_GIVEN DATA_
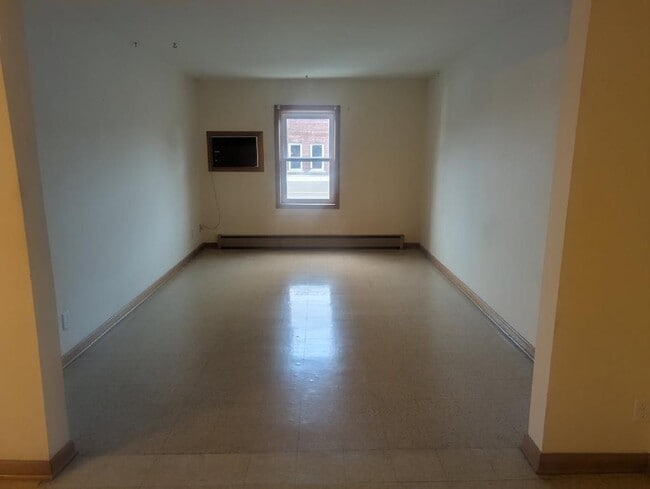 Foto del edificio - 103.5 S. Main-3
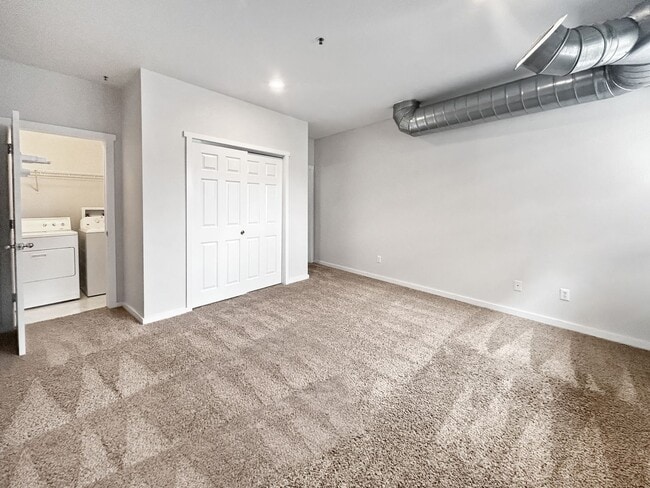 Building Photo - $0 DEPOSIT OPTION. 2 BED 2.5 BATH CONDO AT STUDIO 70 IN DENVER'S GOLDEN TRIANGLE. PARKING INCLUDED!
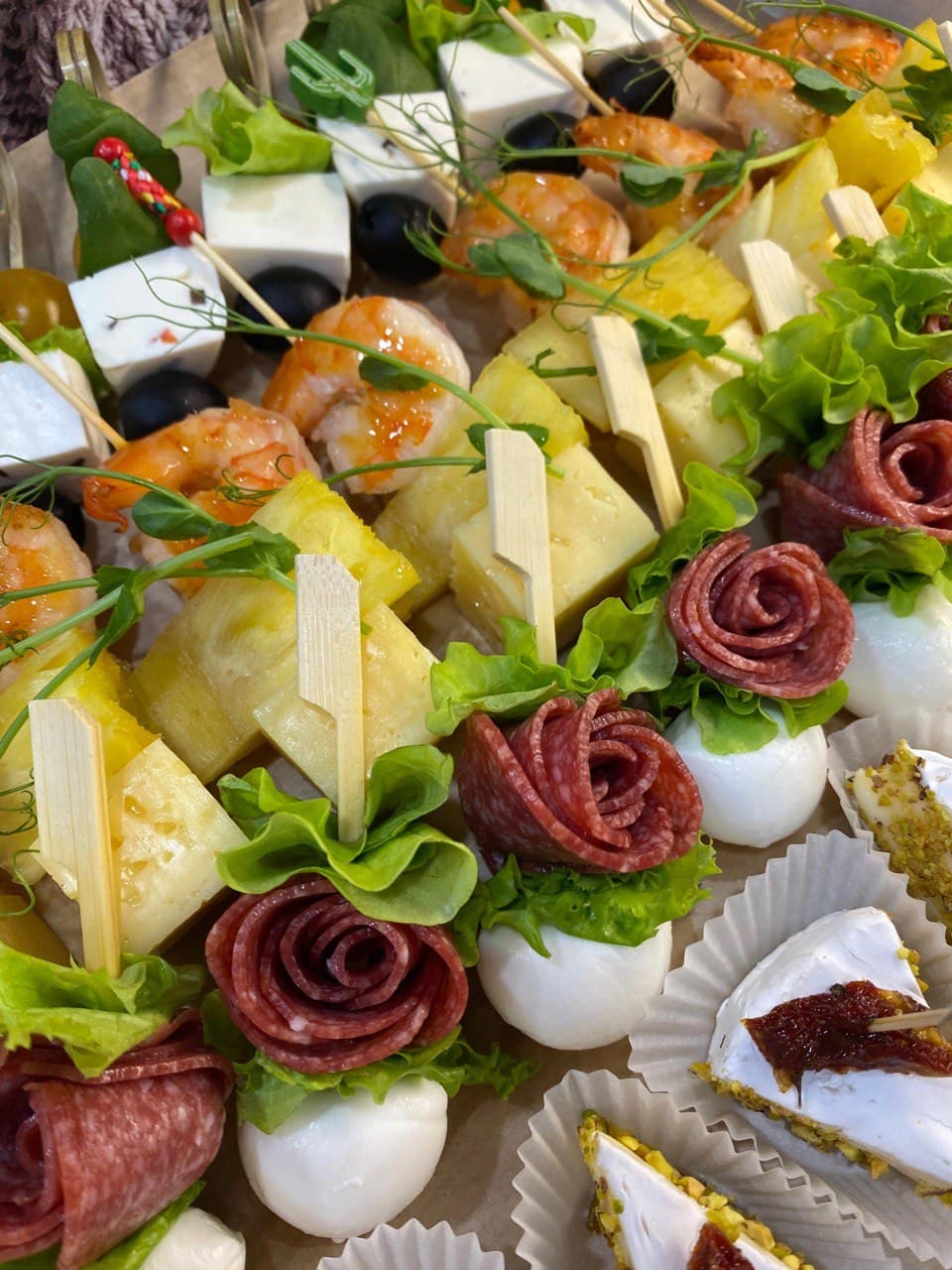 Box Appetizing Quartet (foto 2) — Gourmet tapas catering delivery in Alicante | Reina de Tapas
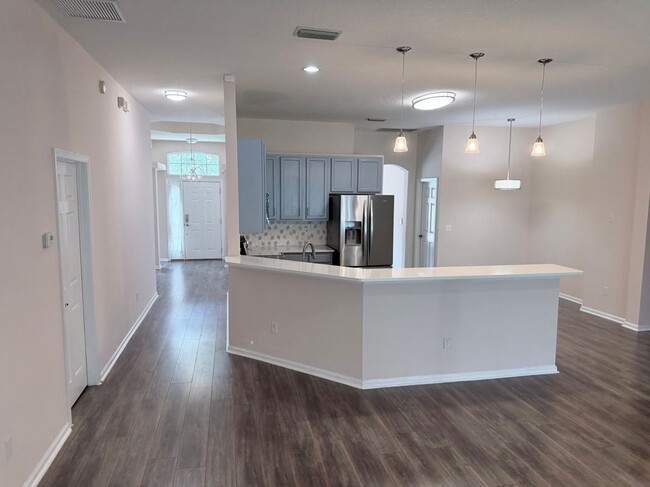 Building Photo - 3515 Laurel Mill Dr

_PROMPT_
Would you output the listing above verbatim, without its pictures?

_TASK OUTPUT_
 Foto del edificio - 103.5 S. Main-3
 Building Photo - $0 DEPOSIT OPTION. 2 BED 2.5 BATH CONDO AT STUDIO 70 IN DENVER'S GOLDEN TRIANGLE. PARKING INCLUDED!
 Box Appetizing Quartet (foto 2) — Gourmet tapas catering delivery in Alicante | Reina de Tapas
 Building Photo - 3515 Laurel Mill Dr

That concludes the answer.